─── MATERIAL FOR THE TASK ───

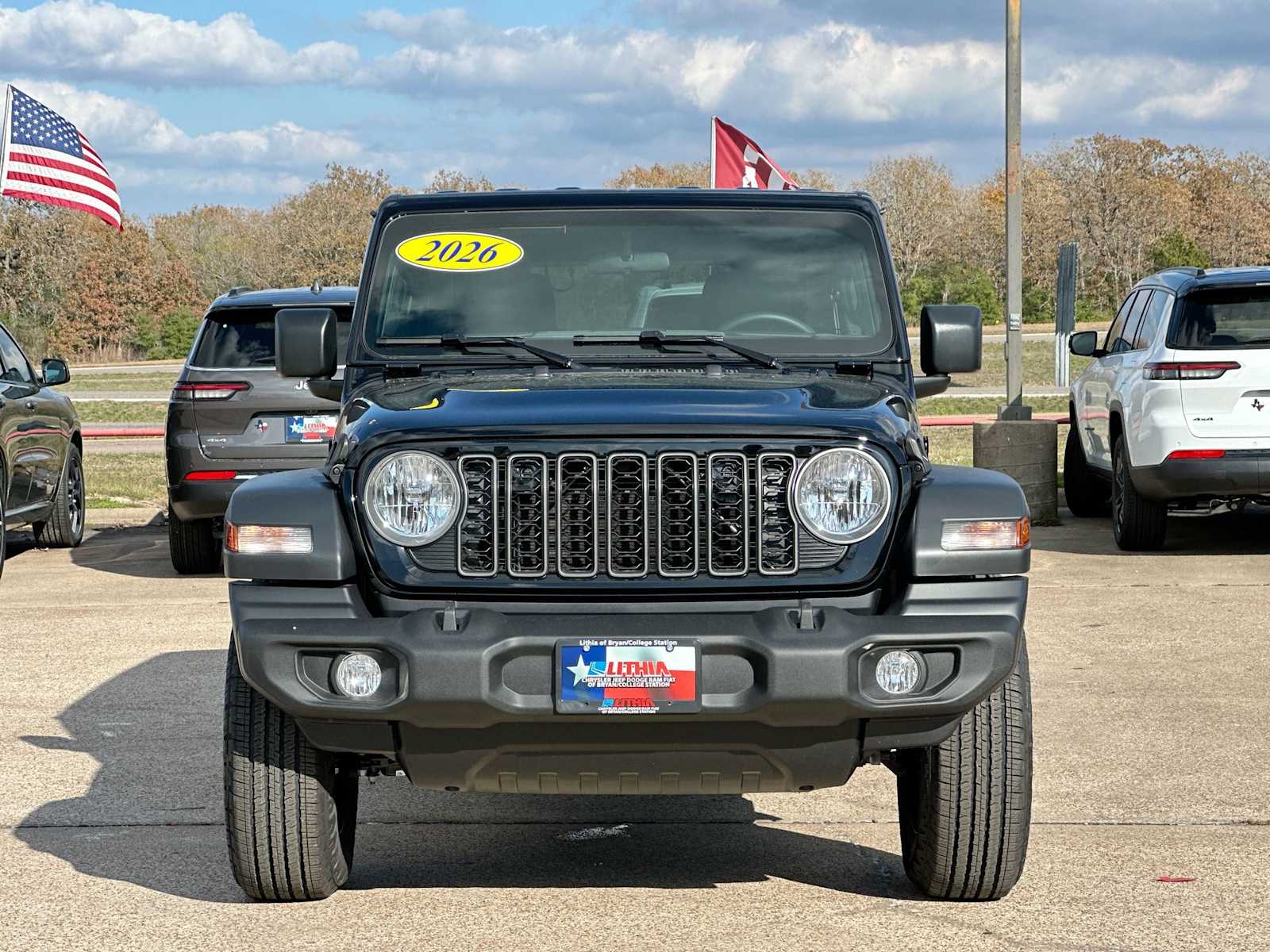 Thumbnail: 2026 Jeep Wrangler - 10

───
─── MATERIAL FOR THE TASK ───

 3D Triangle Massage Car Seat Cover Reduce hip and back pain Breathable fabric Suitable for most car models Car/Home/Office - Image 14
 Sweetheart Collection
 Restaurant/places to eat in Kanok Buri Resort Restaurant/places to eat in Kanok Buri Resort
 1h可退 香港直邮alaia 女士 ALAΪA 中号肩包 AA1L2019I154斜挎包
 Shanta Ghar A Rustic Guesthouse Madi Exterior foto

───

* _WHAT THE TASK REQUIRES_:
In the listing above, find the line containing "Restaurant/places to eat in Kanok Buri Resort Restaurant/places" and the line containing "Shanta Ghar A". Output them and every line between, exactly, and nothing else.

* _RESPONSE TO THE EXERCISE_:
 Restaurant/places to eat in Kanok Buri Resort Restaurant/places to eat in Kanok Buri Resort
 1h可退 香港直邮alaia 女士 ALAΪA 中号肩包 AA1L2019I154斜挎包
 Shanta Ghar A Rustic Guesthouse Madi Exterior foto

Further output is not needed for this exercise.